2. Launch with a baseline. Launch with an extensive baseline analysis that articulates the fundamental market dynamics -- the challenges and opportunities facing the business. Once the baseline is established, subsequent listening reports will show small shifts (new top terms, the impact of events, etc.) as programs are implemented, and over time increase overall volume and positive tonality.
3. Set goals and hold teams accountable. Set three to five goals that are outcomes of the findings and hold teams accountable (e.g. develop co-branded programs with partners or prevalence of a given term like #bigdata in your word cloud). Set up a "run" mode that delivers updated data to teams in automated dashboards. Hold team leaders accountable for delivering. It's important that performance metrics arising from social listening are aligned to an overall business process to review performance results. Have teams provide updates on their goals during the business reviews, including net impact to the business.
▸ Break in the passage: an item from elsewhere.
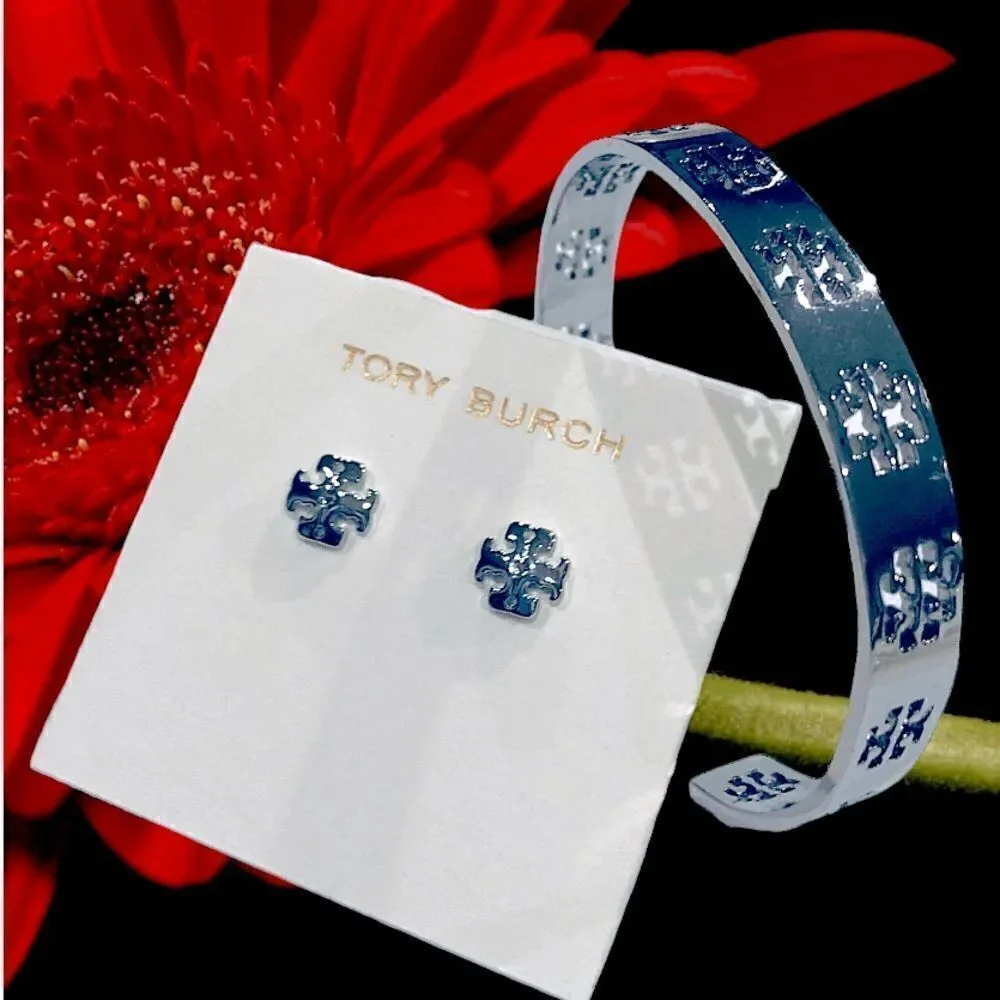 TORY BURCH LOGO HOLLOW BRACELET AND EARRINGS SILVER SET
4. Train with power users in mind. Train your teams on the underlying structure of your listening post, but be cognizant that you have a range of users from light to power users. Show the teams the practical applications for the data. Clarify with teams the role of listening in their overall reporting toolkit. The danger in training without context is that teams will get lost in unproductive data analysis.
5. Sell the value internally. Establish social listening outcomes as key performance metrics, starting with your CMO and extending throughout your marketing ranks. Aligned with the business review process, it's also important to deliver social-media insights in the context of a business conversation. It's important to deliver the information in a format that is tailored to the audience, including live pulses, customized dashboards in sharable PDF formats, deep data discovery through customizable dashboards, or mentions in an executive visibility report.
While a high-performing social listening program can be a huge success, it's only one component of a much broader program that should include paid, owned and earned media channels to leverage big data to understand the consumer journey.